I am also very grateful to my noble friends Lord Flight and Lord Deben for their support. I sensed a feeling around the House that something needs to be done. Does the Minister understand that I have been gnawing away at this particular problem for over 10 years? I think it was the noble Baroness, Lady Ashton, who took through a Bill some considerable time ago that recognised the need to regulate claims management companies. Many examples were given then, many years ago, of how that represented a growing market. Looking around us today, particularly at holiday sickness claims, you suddenly realise that a new breed of companies are exploiting the admitted rights of individuals to compensation, but in return are demanding a share of that compensation. That has become the lifeblood of these claims management companies; and they keep changing. One moment, you impose a different form of regulation, then the next, you see that the companies have completely escaped any form of regulation.
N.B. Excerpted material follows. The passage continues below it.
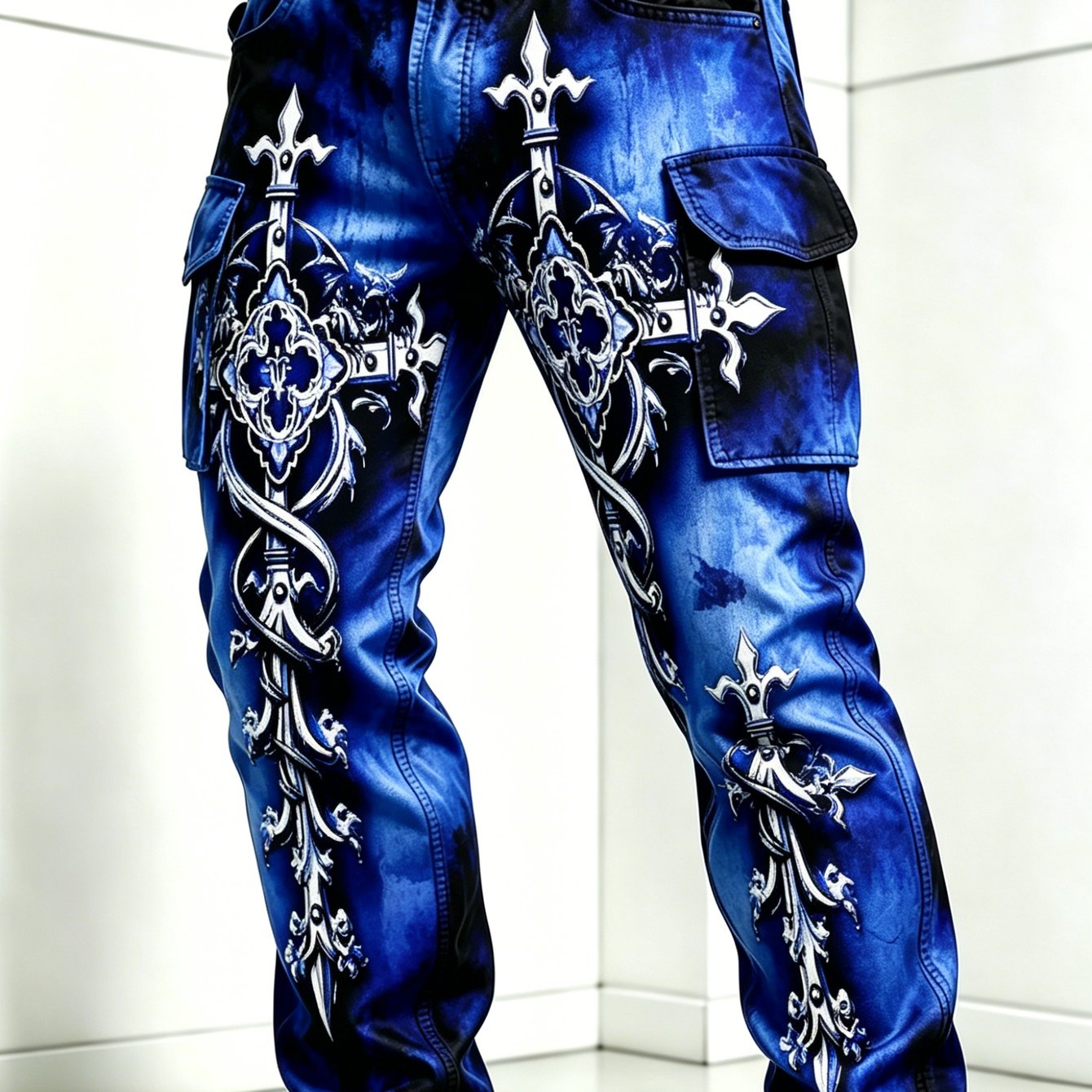 Teenager's Gothic Retro Cross Cargo Pants Street Commuting Casual Versatile Straight-leg Trousers, For Outdoor, For Teenager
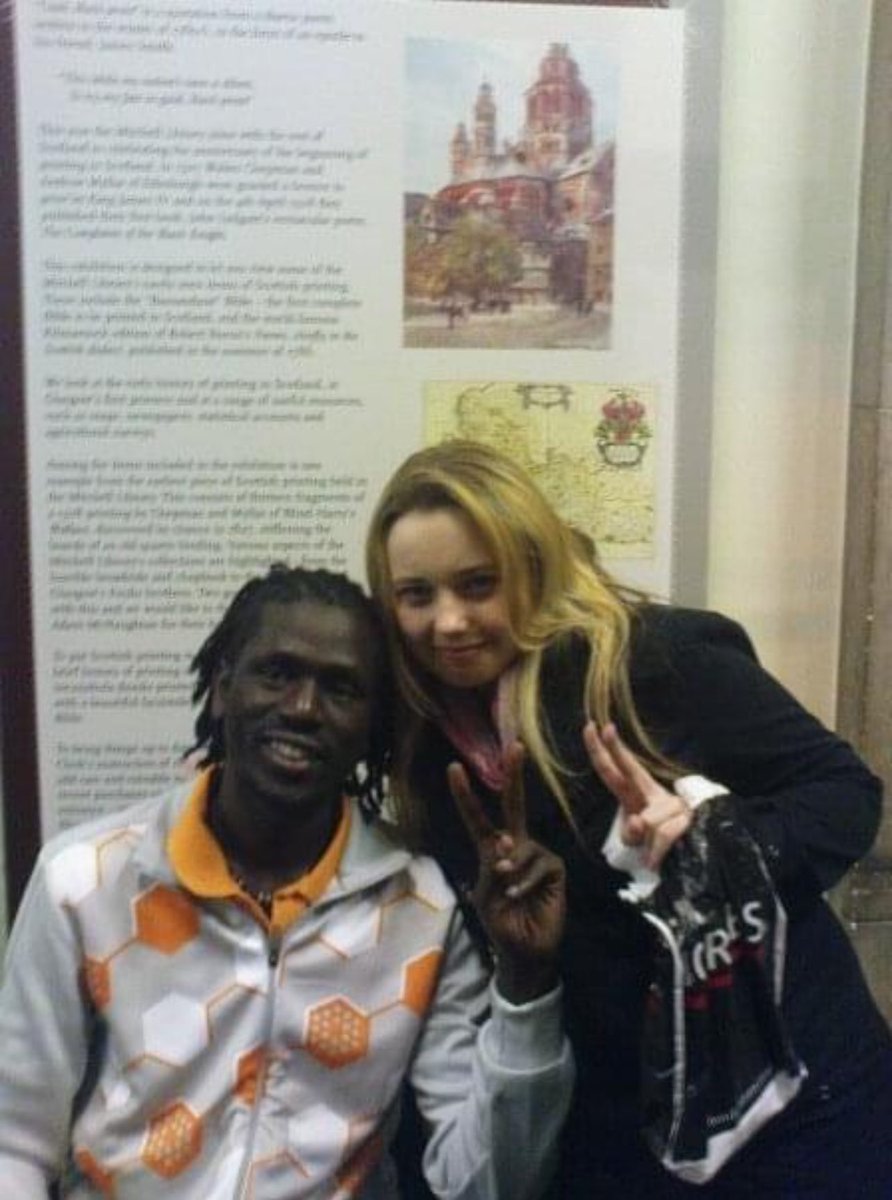 From 13 years ago today. I shared a photo on Facebook meeting Emmanuel Jal at his book meet and greet for War Child at Aye Write Festival in the Mitchell Library in Glasgow with my old Drama class trip to it’s my old Drama friends as we were doing a Play Fugee all about it.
It may well be that the Minister is right to look to the future with confidence, knowing that the Financial Conduct Authority will now be dealing with the problem. He is right to point out that the FCA has power under existing legislation. Perhaps we will see at last a reining in of these individuals, who have been feeding on the lifeblood of victims who cannot afford to allow part of their compensation to be siphoned off into a developing, stronger claims management company. In a way, I suppose my noble friend was saying that I have made a serious error of judgment in labelling them all as claims management companies. It may well be that they do not fit that description, but I think we all know what we are talking about when we refer to claims management companies. I call them claims farmers. I recently attended a conference where I was asked why I have this vendetta against claims farmers; I admitted that it is because they have no justification for what they do and for the way in which their business model has developed. The Minister has made a number of commitments—I can see him quickly checking his notes on what commitments I am referring to—and I sensed a considerable amount of sympathy for the point I was making. I want to reflect carefully on all the points.
I have here the report I referred to, from the Competition and Markets Authority. Paragraph 2.37 states:
“The range of services provided by CMCs can include … (d)”—
among other things—
“providing credit repair and credit hire for non-fault claimants”.
In other words, as far as the CMA is concerned, claims management companies certainly include credit hire companies. In my bit of the industry—underwriting—we would absolutely think that they are part of the same thing. No one has objected to that. It is very clear throughout that section of the CMA report that they are one and the same.
I am grateful to the noble Earl for making that important point. I do not necessarily want to speak on behalf of the Minister, but I sense that his response may be that other people do that work as well. We need to try to ensure that we fulfil my objective that where there is a claim, there should be regulation. There should be a structure whereby there is some control of the companies seeking to exploit the situations certain people who need to bring a claim find themselves in.
I will reflect carefully on all the points my noble friend the Minister raised, but this problem is not going to go away. I can see it increasing.
As I am already becoming aware, there is other legislation in respect of which claims managers are looking at new areas to fasten on to and exploit. We have to be prepared to deal with that in advance, rather than seek to catch up, as we have tried to do for the last 10 years. Let us move ahead. In the meantime, I thank my noble friend for all he has said and I beg leave to withdraw the amendment.